═══ Supplied material ═══

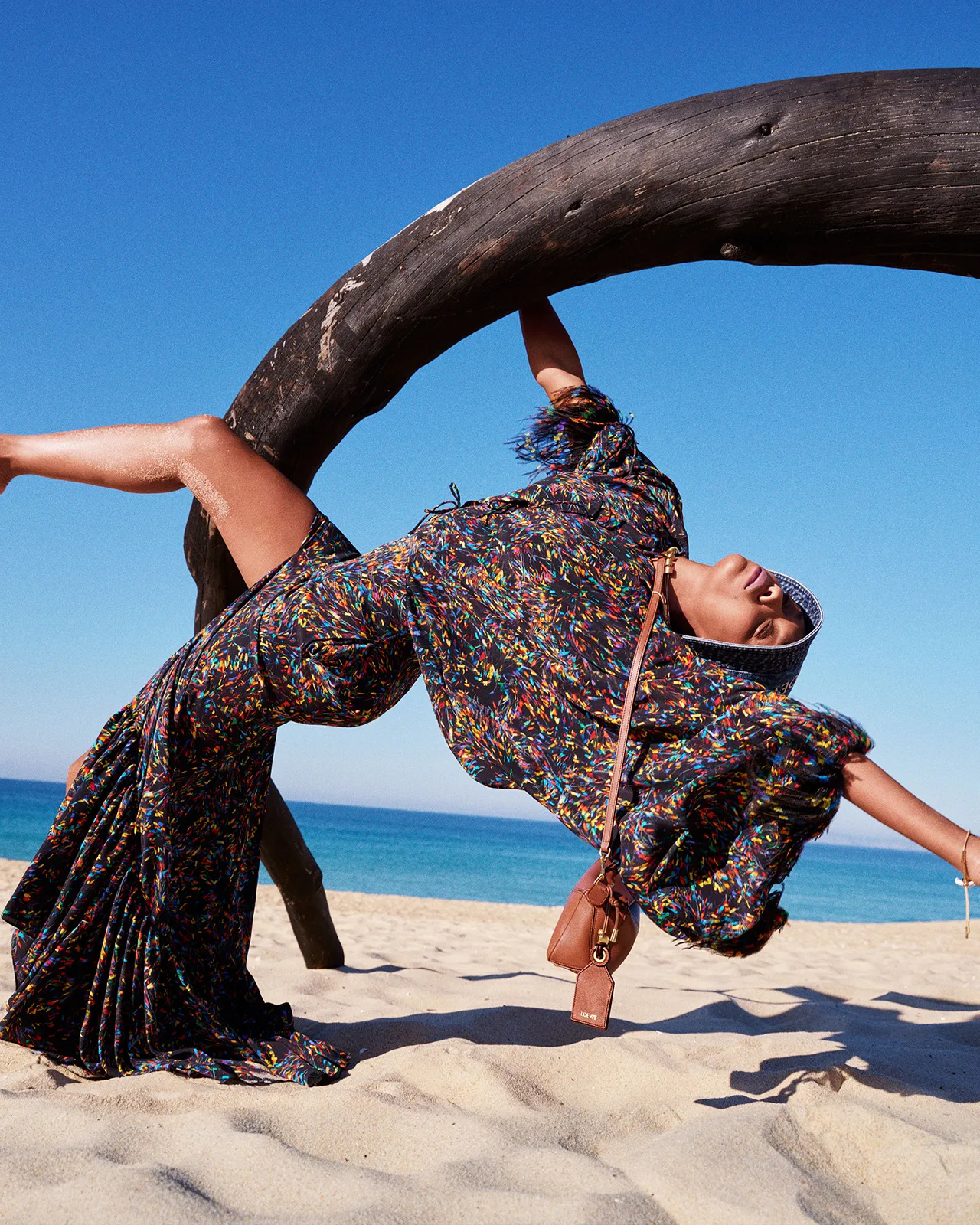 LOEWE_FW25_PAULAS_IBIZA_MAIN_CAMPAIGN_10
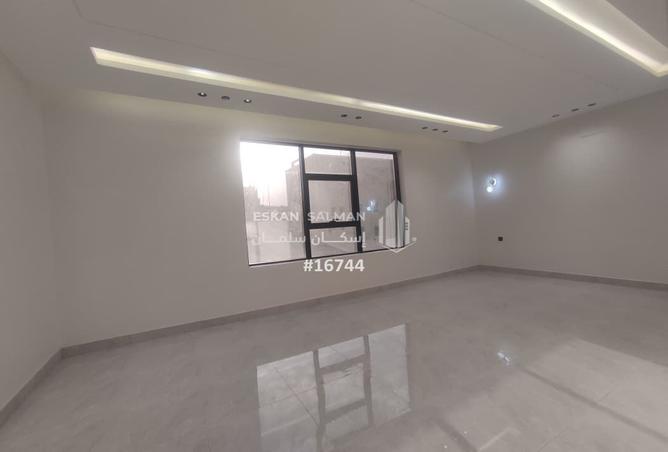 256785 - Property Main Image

═══
═══ Supplied material ═══

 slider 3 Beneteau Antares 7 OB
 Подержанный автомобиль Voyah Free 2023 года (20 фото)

═══
═══ Supplied material ═══

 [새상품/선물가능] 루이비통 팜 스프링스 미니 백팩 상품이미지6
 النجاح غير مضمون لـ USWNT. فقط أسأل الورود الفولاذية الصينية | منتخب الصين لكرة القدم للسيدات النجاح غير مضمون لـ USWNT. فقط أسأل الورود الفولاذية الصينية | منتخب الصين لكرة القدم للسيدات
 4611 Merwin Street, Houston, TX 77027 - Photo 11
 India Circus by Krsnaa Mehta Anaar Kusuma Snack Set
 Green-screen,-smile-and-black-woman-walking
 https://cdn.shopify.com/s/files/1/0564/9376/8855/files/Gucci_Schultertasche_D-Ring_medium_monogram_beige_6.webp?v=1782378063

═══

Write out, word for word, the stretch of entries that begins at the line with "LOEWE_FW25_PAULAS_IBIZA_MAIN_CAMPAIGN_10" and ends at the line with "256785 - Property Main Image". Pictures do not belong in it.

**Solved exercise**
 LOEWE_FW25_PAULAS_IBIZA_MAIN_CAMPAIGN_10
 256785 - Property Main Image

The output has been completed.